Another limitation is that aggregating data on spreads and war events from weekly to monthly frequency probably resulted in some loss of information about the short-term dynamics between these variables. Separately, it was not possible to account for potential endogeneity between reserves accumulation in response to rising spreads, or between military actions and exports of grain and oilseeds. The spreads may have also been partly influenced by other exports, e.g. metallurgy products, or global factors not modelled in the paper.

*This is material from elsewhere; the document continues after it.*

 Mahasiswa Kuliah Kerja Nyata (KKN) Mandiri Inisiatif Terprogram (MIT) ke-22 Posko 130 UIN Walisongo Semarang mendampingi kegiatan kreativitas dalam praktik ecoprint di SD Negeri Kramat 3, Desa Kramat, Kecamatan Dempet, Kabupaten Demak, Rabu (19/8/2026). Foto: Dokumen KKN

More generally, a bootstrap analysis to assess the accuracy of standard errors could not be implemented given the nature of the dataset.



7 Conclusion


The existence of a long-run cointegration relationship linking Ukraine’s sovereign spreads to both military attacks and foreign reserves highlights the critical role of the central bank in maintaining liquidity during an existential crisis. Previous work established this relationship during economic and financial crises (e.g. Afonso et al., 2021), but this is perhaps the first time that it has also been confirmed for a country in wartime conditions. 

For central banks of countries in potential conflict zones this is a powerful message: the preservation and, to the extent possible, accumulation of foreign exchange reserves are the key priority when the guns start to roar on a country’s soil. High reserves can help mitigate perceptions of riskiness of externally held sovereign debt, particularly during escalations of hostilities, and thereby help reduce external borrowing costs. As commodity exporting countries will likely find it hard to replenish foreign reserves by increasing exports in wartime conditions, central banks would be well advised to plan for such an FX war chest in good times, and thereby enhance economic resilience in crisis situations.



Appendix


Table A1
Values of model variables
DISPLAY Table
Table A2
Model selection criteria – summary for top 20 models
DISPLAY Table
Table A3
Model selection criteria – summary for top 20 models
DISPLAY Table



Notes


* The author would like to thank two anonymous reviewers and editorial team for their valuable comments and support.


Disclosure statement


The author has no conflicts of interest to declare.